◆ **Work item**:
Once the pictures are set aside, transcribe each line of the data exactly.

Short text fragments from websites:
========================================================================
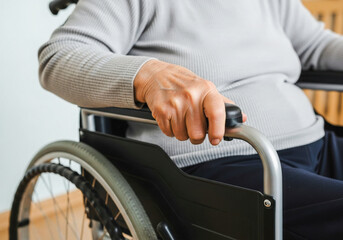 Obraz premium Close-up of Hand on Wheelchair Armrest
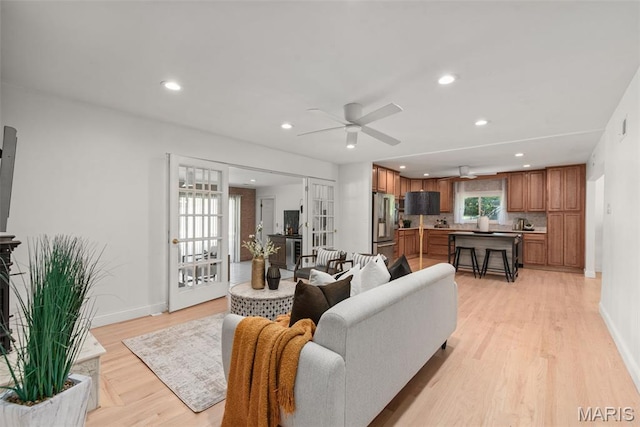 1 Woodoaks Trl, Saint Louis, MO 63124 - living area with light wood-type flooring, ceiling fan, recessed lighting, baseboards, and a fireplace with raised hearth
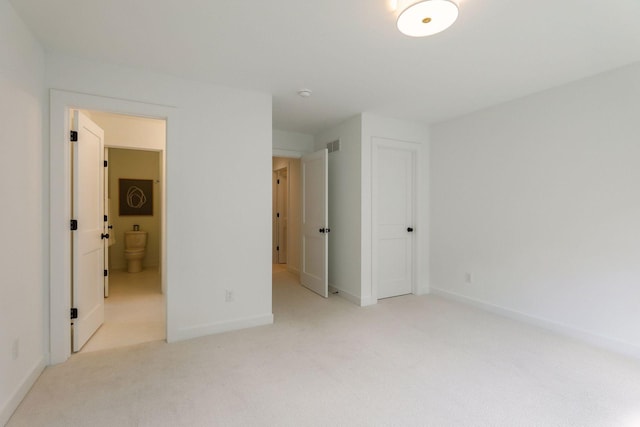 unfurnished bedroom featuring light colored carpet and connected bathroom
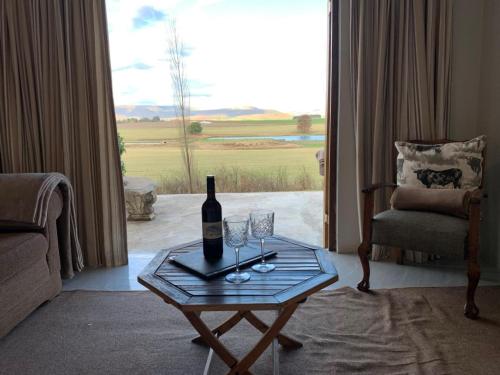 a living room with a wine bottle and glasses on a table at KarMichael Farm in Himeville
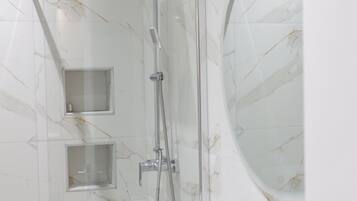 Shower, hair dryer, towels, toilet paper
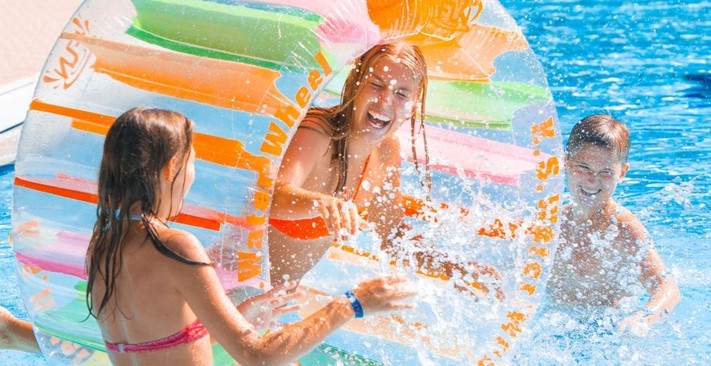 Das Bild zeigt Kinder und Jugendliche in einem Freibad-Becken, wie sie mit viel Spaß im Wasser herumtollen.
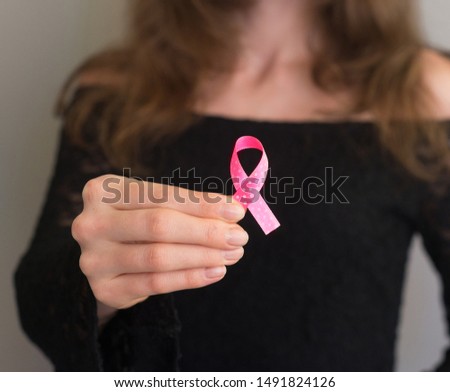 The girl holding a pink ribbon, symbol of cancer. Breast cancer awareness month.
========================================================================
◆ **Answer section**:
 Obraz premium Close-up of Hand on Wheelchair Armrest
 1 Woodoaks Trl, Saint Louis, MO 63124 - living area with light wood-type flooring, ceiling fan, recessed lighting, baseboards, and a fireplace with raised hearth
 unfurnished bedroom featuring light colored carpet and connected bathroom
 a living room with a wine bottle and glasses on a table at KarMichael Farm in Himeville
 Shower, hair dryer, towels, toilet paper
 Das Bild zeigt Kinder und Jugendliche in einem Freibad-Becken, wie sie mit viel Spaß im Wasser herumtollen.
 The girl holding a pink ribbon, symbol of cancer. Breast cancer awareness month.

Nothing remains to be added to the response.